The second section, “low-cost solutions from low-income countries,” discusses in detail a subset of successful innovations that have originated in resource-poor settings. While the first section can be read largely in isolation, this second section significantly benefits those that have taken time to read the first half of the book. Harris describes a refreshing range of pragmatic and tangible innovations, which are a world away from the focus on novel technologies, data, and digital medicine that dominates the emerging literature on healthcare innovation.

Importantly, these innovations are contextualised as not just good enough for them but good enough. They also span a range of clinical modalities and help develop Harris’s central thesis that innovations developed in the Global South are of genuine global value and those seeking to improve any health system should seriously consider them. These include both technological innovations, such as the use of mosquito net mesh for hernia repair or the Arbutus drill system for orthopaedic surgery, and changes to established practice, such as the Ponseti technique for congenital club feet correction.

If one criticism were to be made of the arguments in this book, it is one acknowledged by the author—they are the product of a “white, middle-aged British man who has been trained in some of the most elite medical institutions of the West” (xvii). He therefore draws on a body of literature and thought still dominated by the English-speaking Global North, which perhaps explains two omissions.

First, the book lacks a clear definition of “global health” and the evolution of this term from “international health.”2 Indeed, the very concept of global health can be challenged because it is all too often a lazy shorthand for work done to improve healthcare in under-resourced countries. Are those from a resource-poor country seeking to improve their own healthcare system engaged in global health? Are those from a high-income country working with a single partner from a resource-poor country engaged in global health? There is nothing global about these two endeavours, although both are valuable. Indeed, the term global health originated from a WHO-driven idea of having a global mandate for the promotion of health and care, one that arguably carries the heavy baggage of cultural imperialism. A discussion of foundational definitions is strangely absent in such a thoughtful work.

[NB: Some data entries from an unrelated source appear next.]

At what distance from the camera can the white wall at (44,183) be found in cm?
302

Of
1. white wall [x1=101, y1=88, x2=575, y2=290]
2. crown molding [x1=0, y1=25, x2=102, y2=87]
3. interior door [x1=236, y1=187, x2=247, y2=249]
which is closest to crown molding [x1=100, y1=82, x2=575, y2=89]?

Second, issues of racism and colonisation exist outside of recent European imperialism and can be found across human populations and history. The act of framing racism and colonialism exclusively through the current relationship between Western Europe and its former colonies is itself a product of the Western gaze, as is framing the experience of resource-poor countries through their relationship with the Global North. Such framings by no means discredit any of the excellent insights that populate this book but, as with the rest of its content, they challenge the reader with an extensive reading list for further consideration.

Harris’s excellent book should be required reading for all those interested in global health—whether they define themselves as innovators or not.

 

References

[1] Jeffrey P. Koplan et al., “Towards a Common Definition of Global Health,” Lancet 373, no. 9679 (June 2009): 1993–5, doi: 10.1016/S0140-6736(09)60332-9.

[2] Jens Holst, “Global Health – Emergence, Hegemonic Trends and Biomedical Reductionism,” Global Health 16, no. 1 (May 2020): 42, doi: 10.1186/s12992-020-00573-4.

 

Dr. Tom Bashford is Assistant Professor of Healthcare Systems at the University of Cambridge and leads the university’s International Health Systems Group. He is also a Consultant Anaesthetist at Cambridge University Hospitals NHS Foundation Trust.

Dr. Brandon Smith is a postdoctoral research associate in the International Health Systems Group at the University of Cambridge, with a research interest in frugal and reverse innovation in healthcare.